I recently ran into a small problem in one of my projects. I have some code that would open up the user login UI when the URL contains a few specific parameters, which are defined as hash parameters.
One of the tasks assigned to me needed me to redirect the user to the same page, but with the login UI activated, when they want to do something that required them to be authenticated. Naturally, I went ahead and used the Response.Redirect() method and appended the hash parameters to the end of the current URL. Then I ran my usual tests.
Then came the moment of truth. IE? The hash values were missing!
A quick search on the Almighty Google brought me to this page on StackOverflow: http://stackoverflow.com/questions/2286402/url-fragment-and-302-redirects
Regular browsers, such as Chrome and Firefox have no problems preserving URI fragments. IE, on the other hand, discards them on 302 HTTP Redirect requests. This explains why the hash values in my URL were missing in IE.

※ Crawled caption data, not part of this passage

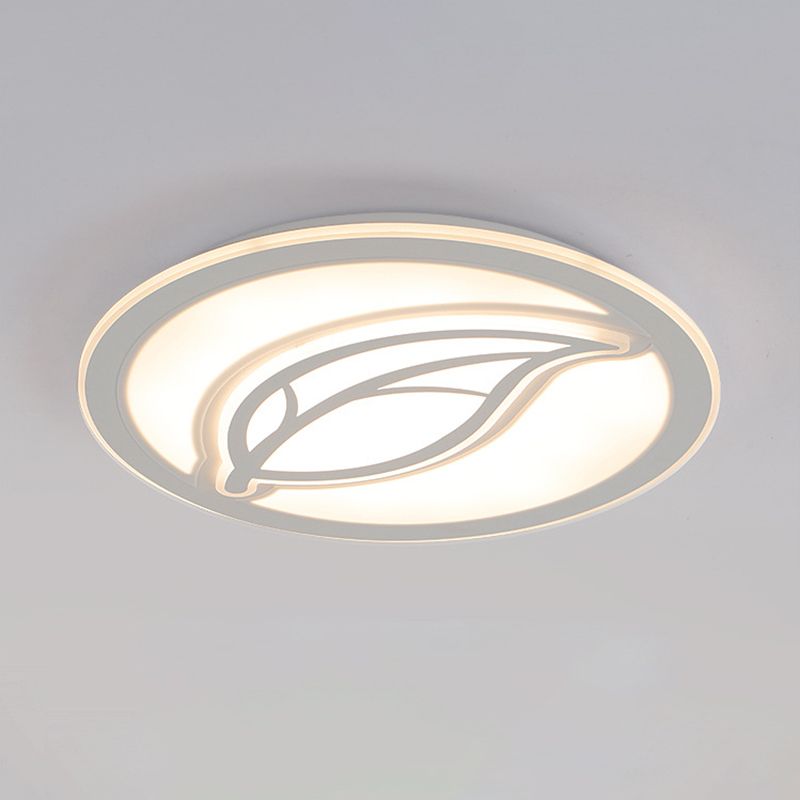 Modern Style Circle Flush Mount Ceiling Light LED Hallway Flush Mount Lamp in White with Leaf Pattern, 16"/20"/24" Wide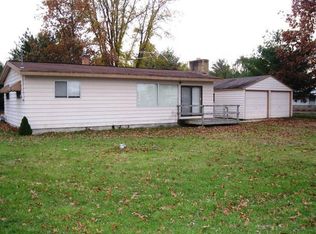6150 Lakeshore Dr, Newaygo, MI 49337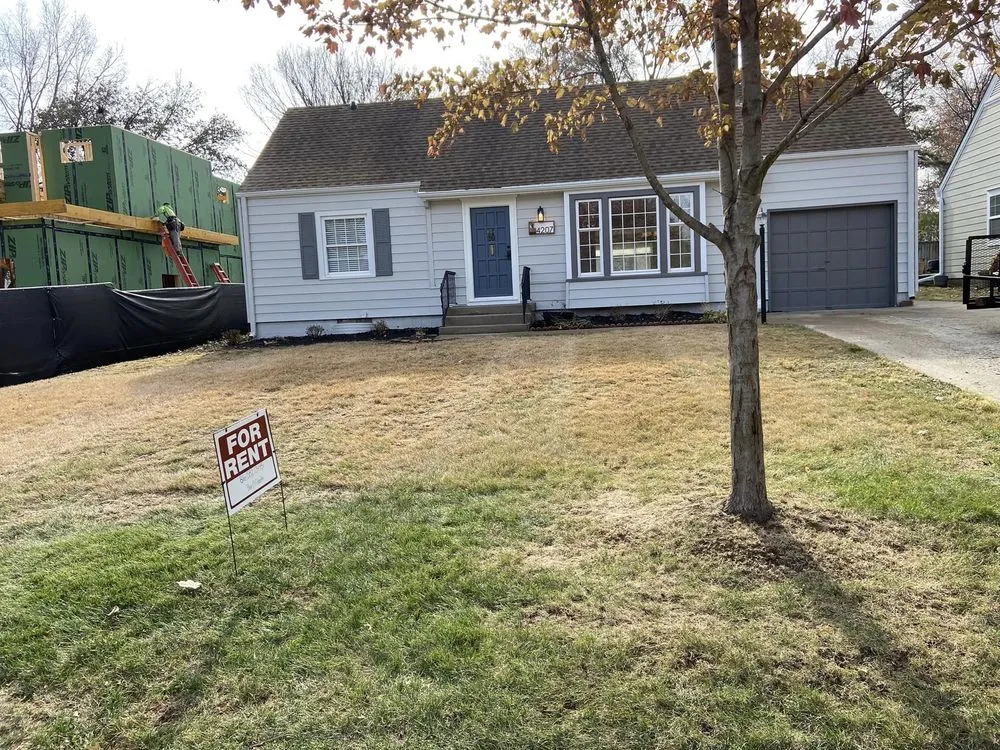 Local yard maintenance in Overland Park, KS by Rivera's Landscaping and Lawn Services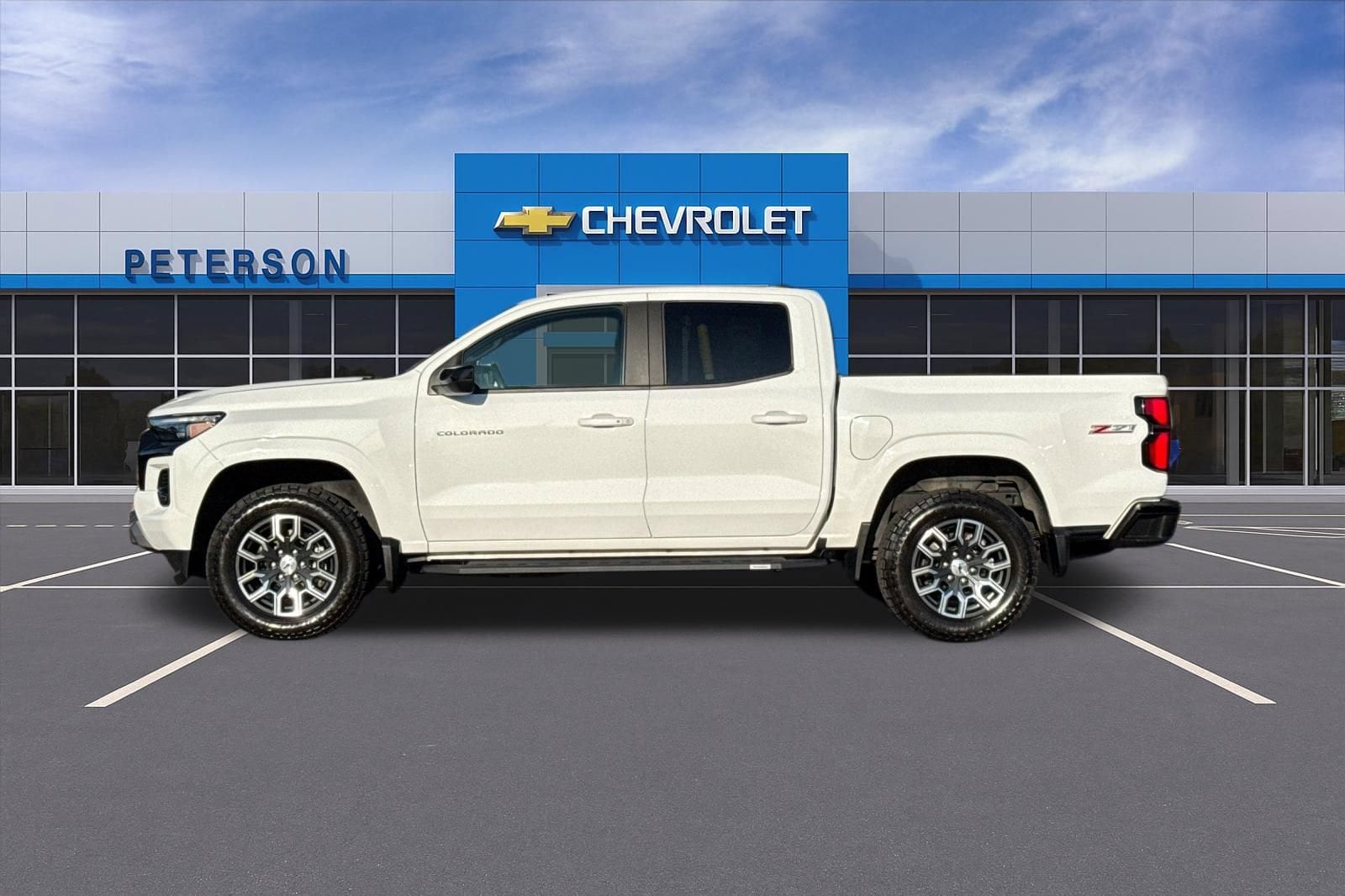 2023 Chevrolet Colorado Z71 - Photo 6
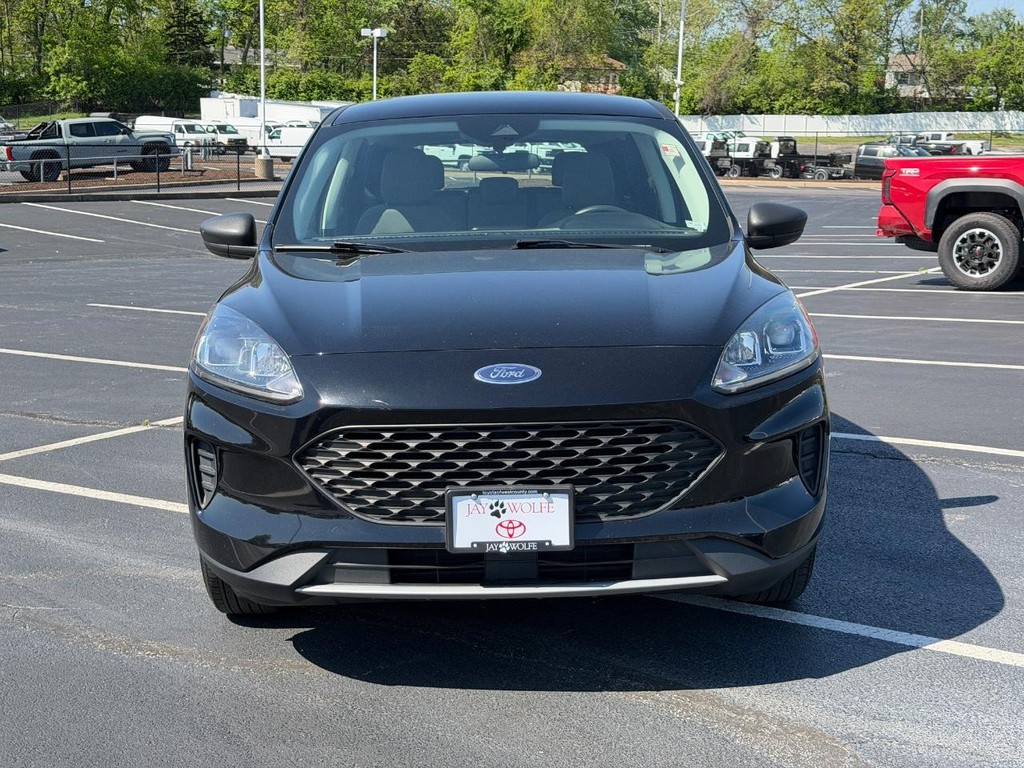 Ford Escape Vehicle Full-screen Gallery Image 24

While the selected answer on StackOverflow suggests that I use the Location header to set my URL fragments, the project I was working on is rather old and large, with lots of code that does all kinds of stuff to the URL. So playing around with the HTTP headers was not an option, at least not in my case.
A far simpler solution for me was to replace the hash, or pound, symbol with its URL-encoded counterpart, which is ‘%23’. And guess what? That fixed it. It’s now working on all the browsers I’ve tested it on, including IE.
// Before Response.Redirect(Request.RawUrl + "#login"); // After Response.Redirect(Request.RawUrl + "%23login");
So if you want to avoid messing around with the HTTP headers, just encode the URL.